I am not for secession, if only because it would put paid to this tradition of writing a blogpost every Jamhuri Day. But I think it’s important to talk about this house we all live in. A century and some decades past a group of Europeans took a map, a ruler, and their balls and carved into many and varied pieces our home of Africa. As far as colonialism goes we got the good guys, the British for all their faults were gentler than the French, the Portugese, and the Germans. This is not an extollation of their virtue but an acknowledgement of the excess of the vices of their brothers. When all that came to the end of its first act 54 years ago we had this country, or rather this group of countries striving to live together.

 

It has been an unequal living arrangement, and as living arrangements tend will continue to be so. Inequality leads to discontentment leads to anger leads to effort leads to disillusionment leads to hopelessness.

 

There are people in our country who have lost all hope in it. Who can blame them really? Hate has spewed out of mouths and onto comments and arguments and posts and memes. There has been an inability for the citizenry to separate their ethnic identities from their political affiliations, there has been an even greater inability to empathize with each other. There is between a lot of people a cloud of anger, a cloud of disbelief, an inability to understand “how you can’t see the evil of…”

 

The blood and our two leaders haven’t helped. We got to a point where either of them was as bad as the other for any hope of national unity. We got where each of their supporters were as blinded as the others in their adoration for and disdain of the other.

 

And yet we need to live together because unity is usually the best option. This little hut though is cracked and careening into pieces. The paste that we chose back in 2007 to hold it together, a paste made of the sentiment “accept and move on” is proving unable to bear the strain of what we ask of it.

 

It is unreasonable to ask that nobody be punished for what happened over the last 4 months. It is incredible to expect this to be swept under rugs too, it is insane to keep using that paste. We only have 5 years till we have to do this again. If we accept that negotiations should be writ in blood 25 years later what happens in 5? What happens when Kenyan elections @ 30 come by again. Do we accept this all over again? And to what end.  It’s been a long struggle building this shelter for all these people but if we keep insisting that injustice of the kind we have been witness to shouldn’t be repaid then the wounds fester, the beneficiaries of the injustice are emboldened, and the hut falls apart. Kenya cannot be unified with blind faith, sheer will-power of the kind needed to accept and move on is not enough. If this is allowed to just pass, and I believe it will, then the hut crumbles just a little more. When people are dying the first thing to do is to stop them dying, the second is to punish the people who caused the dying, and while doing all these things we need to do what we can to ensure that next time no people are dying. Kenya is failing on all counts and I am as pessimistic about the state of the hut as I’ve been in a long time.

 

Year 54 was not good for our unity and sense of nationhood. If we allow it to just slip into oblivion without doing the things that are so obviously needed then it will be as a gale that takes the thatch out of the hut, a cold and bitter wind that the inhabitants cannot huddle close enough to each other to ignore.

 

The heart.

 

I was going to board a matatu one day, I’m tall-ish near 6 foot so I need to sit in front if I want comfort. There was however a man taller than me who wanted to sit in front. He was also big and old, you can tell the old, his walking cane, his face that had seen things, his missing teeth, his ruddy almost ragged laugh.

 

I sat next to him on the bitch seat in the middle. He asked me where I was from, I told him I’m Luo. And he told me he’s Nandi.

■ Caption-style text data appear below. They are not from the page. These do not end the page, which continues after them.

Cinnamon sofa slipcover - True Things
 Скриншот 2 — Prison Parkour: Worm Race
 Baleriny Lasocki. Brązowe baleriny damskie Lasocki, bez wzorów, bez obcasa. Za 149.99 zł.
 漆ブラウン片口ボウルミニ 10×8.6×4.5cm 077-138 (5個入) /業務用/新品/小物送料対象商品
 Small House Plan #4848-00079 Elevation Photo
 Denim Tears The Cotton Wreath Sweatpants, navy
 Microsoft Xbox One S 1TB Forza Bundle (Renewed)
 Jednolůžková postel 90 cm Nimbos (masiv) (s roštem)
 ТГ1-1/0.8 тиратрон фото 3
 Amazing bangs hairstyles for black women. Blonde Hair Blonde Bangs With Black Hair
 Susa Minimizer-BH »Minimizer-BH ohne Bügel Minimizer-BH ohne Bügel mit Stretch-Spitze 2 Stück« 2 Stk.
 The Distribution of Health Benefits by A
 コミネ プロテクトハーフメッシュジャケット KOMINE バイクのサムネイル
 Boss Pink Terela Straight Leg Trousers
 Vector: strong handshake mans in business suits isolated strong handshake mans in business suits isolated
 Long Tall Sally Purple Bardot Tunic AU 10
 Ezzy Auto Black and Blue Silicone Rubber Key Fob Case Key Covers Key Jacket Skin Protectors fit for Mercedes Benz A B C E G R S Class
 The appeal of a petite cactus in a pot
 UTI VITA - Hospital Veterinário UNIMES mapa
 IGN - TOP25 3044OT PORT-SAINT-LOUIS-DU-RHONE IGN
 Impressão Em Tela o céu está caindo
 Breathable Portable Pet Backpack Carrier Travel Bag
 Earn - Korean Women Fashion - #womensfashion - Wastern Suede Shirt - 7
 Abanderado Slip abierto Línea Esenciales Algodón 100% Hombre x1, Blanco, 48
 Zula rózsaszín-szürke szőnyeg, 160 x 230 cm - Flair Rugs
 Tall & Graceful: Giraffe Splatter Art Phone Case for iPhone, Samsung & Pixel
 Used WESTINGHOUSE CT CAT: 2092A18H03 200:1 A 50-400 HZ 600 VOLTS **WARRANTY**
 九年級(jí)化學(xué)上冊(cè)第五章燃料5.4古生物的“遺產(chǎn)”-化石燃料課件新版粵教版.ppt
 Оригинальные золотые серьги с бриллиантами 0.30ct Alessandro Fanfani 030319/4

“Nyinyi vijana mnatudanganganya ati mnataka kuvunja nchi.” You youth you want to break our country.

 

He then told me about his youth. When he was in his 20s or so he was herding some cattle when the maasai came and raided. They raided and they killed. He said this was the worst thing that they took not only goods but also lives.

 

“Hii ilikuwa ’58. Umeniskia? 1958.” This was in ’58, you hear? 1958.

 

The world is wrought in pain and justification for revenge he was telling me but heaven’s image only exists in the capacity for forgiveness and the belief that together we can walk through these things.

 

He had no promises to extract from me. He only wanted the pleasure of instructing a young man that he had randomly ran into. He spoke and laughed with such heart that the whole matatu looked back wistfully as we left him at his stop.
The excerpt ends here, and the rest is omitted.